WORK INSTRUCTION:
In this exercise, print only the lines from the line with "Modelling Wolf.jpg" to the last line of the data below, inclusive. Any pictures should be left out.
##### RECORDS FOR THE TASK #####
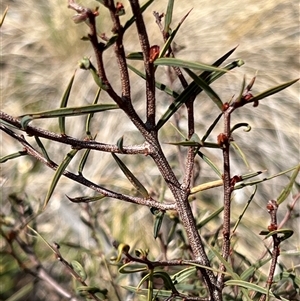 Acacia siculiformis at Rendezvous Creek, ACT - 21 Sep 2024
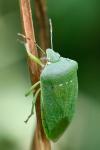 Nezara viridula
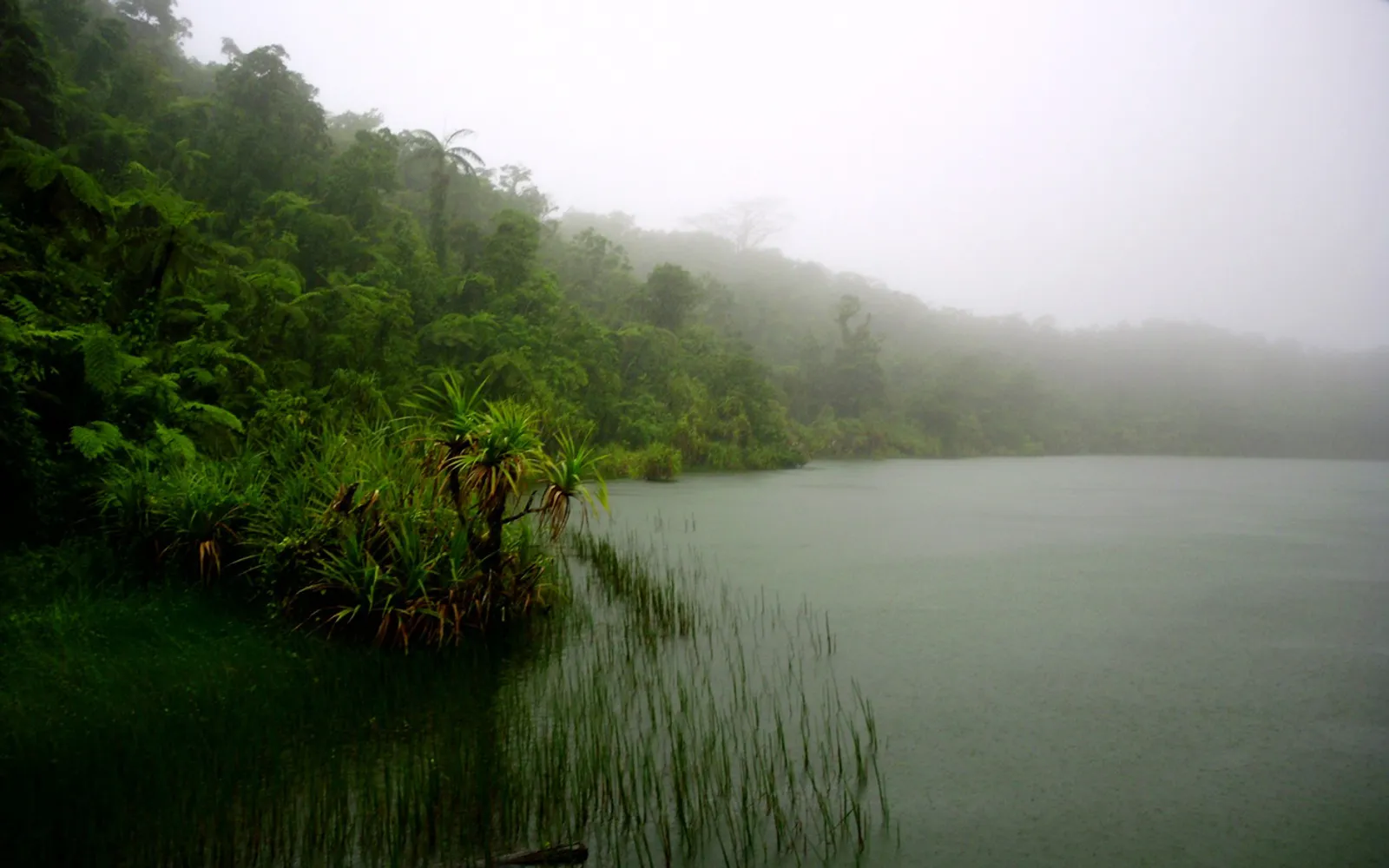 ทะเลสาบปล่องภูเขาไฟ Lanoto'o กลางเกาะ Upolu ซามัว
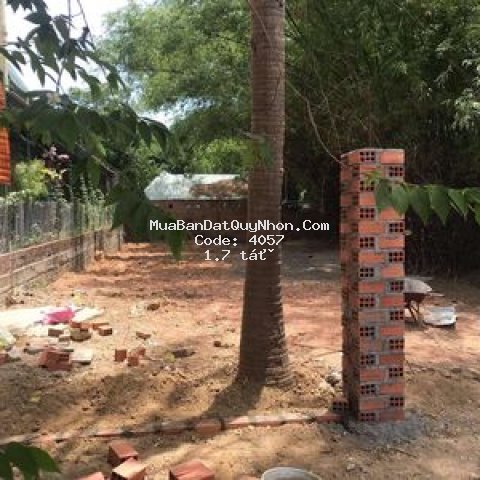 đất sổ đỏ 104m2 đối diện kdc tân an riverside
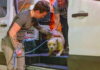 How You Can Support Animals Amid the California Wildfire Crisis How You Can Support Animals Amid the California Wildfire Crisis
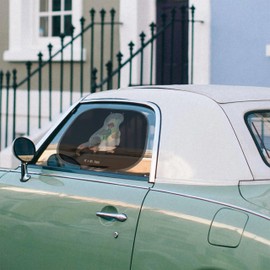 Mr. & Mrs. Panda Car Sun Shade Otter Bouquet - Gift, Sun Protection Car Window, Sun Protection Children, Sun Visor Car, Cute, Otter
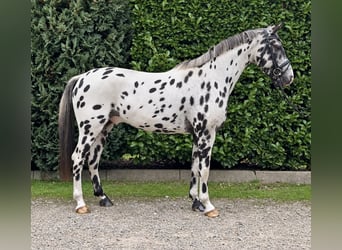 Appaloosa, Castrone, 5 Anni, 157 cm, Leopard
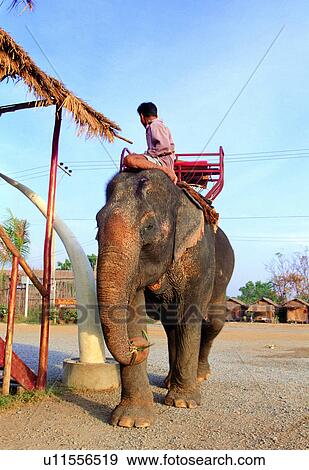 Stock Photo - Beach, Clear Sky, Domestic Animals, Elephant, Hat. Fotosearch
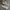 Vans UltraRange Pro Skateboard White Beige ( Size 44,5 ) photo 4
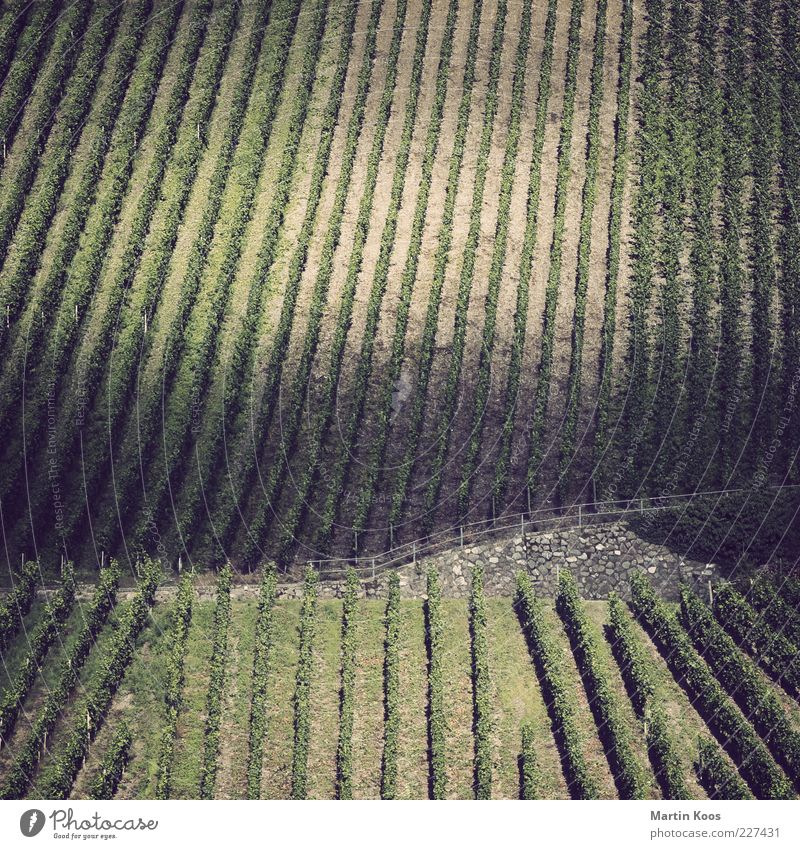 Hang zur Struktur II Landschaft Pflanze Nutzpflanze Hügel Weinbau Mosel (Weinbaugebiet) Weinberg Linie Streifen Farbfoto Gedeckte Farben Experiment Polaroid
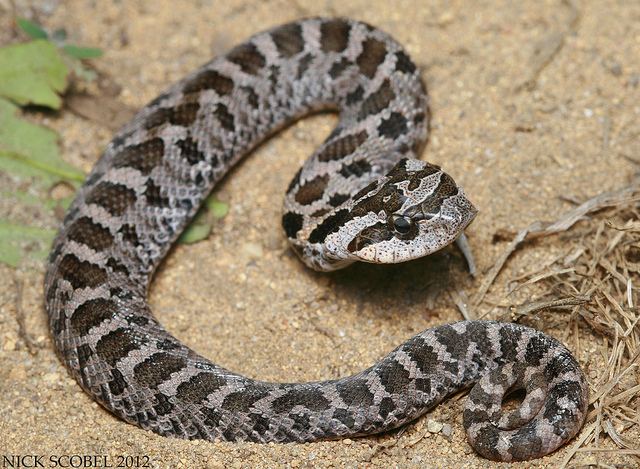 Eastern hognose snake Habitat Use by the Eastern Hognose Snake on a Barrier Beach Experiment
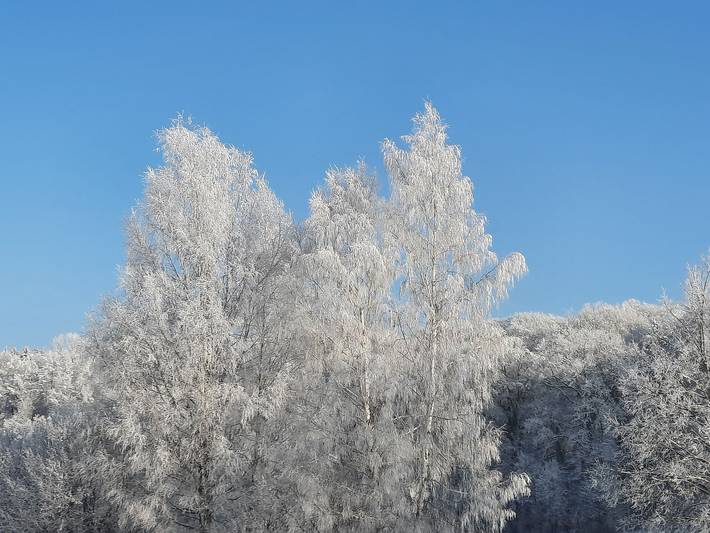 Ferienwohnung für 5 Personen, mit Balkon und Garten, kinderfreundlich in Augsburg und Umgebung - 2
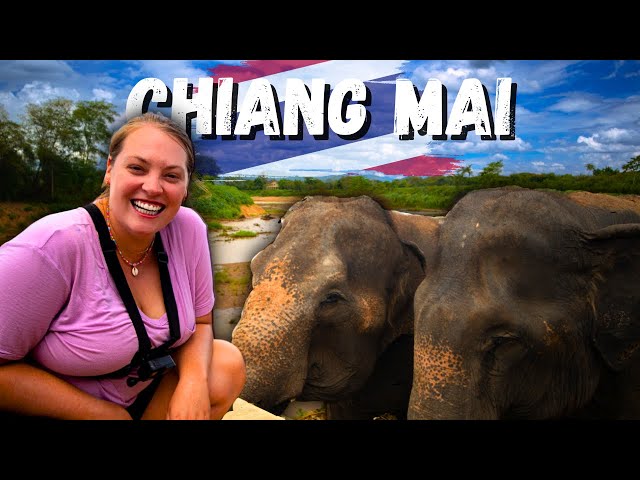 Best day trip from Chiang Mai! (w/Free elephant experience!)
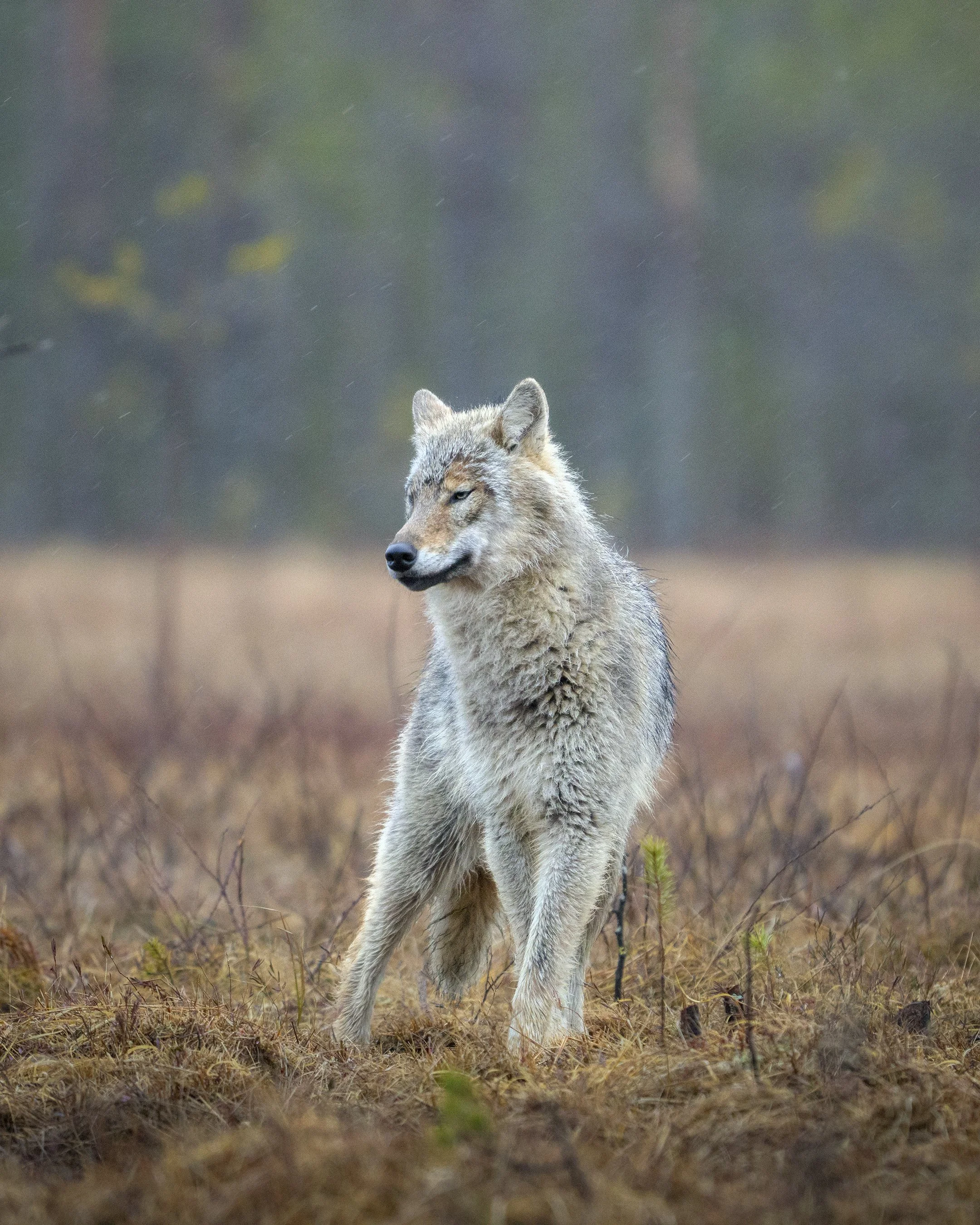 Modelling Wolf.jpg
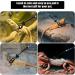 Reptile Hammock with Pet Leash Reptile Hammock Swing Hanging Bed Cotton Rope Weaving Lizard Swing Bed Swing Toy Reptile for Lizard Reptiles Birds Pets - Buy Online on GoSupps.com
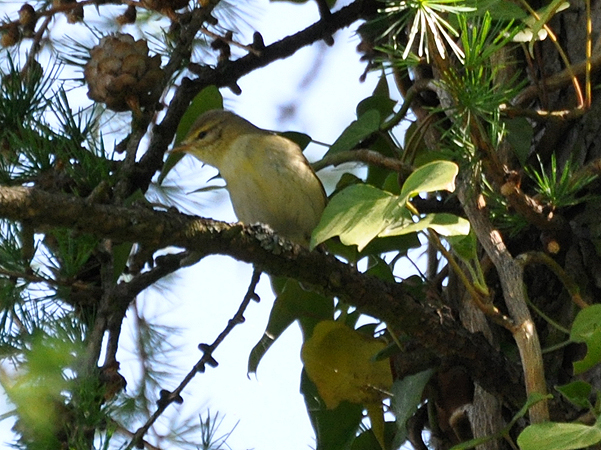 Pouillot fitis  - Stephane Henneberg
#####
EXERCISE SOLUTION:
 Modelling Wolf.jpg
 Reptile Hammock with Pet Leash Reptile Hammock Swing Hanging Bed Cotton Rope Weaving Lizard Swing Bed Swing Toy Reptile for Lizard Reptiles Birds Pets - Buy Online on GoSupps.com
 Pouillot fitis  - Stephane Henneberg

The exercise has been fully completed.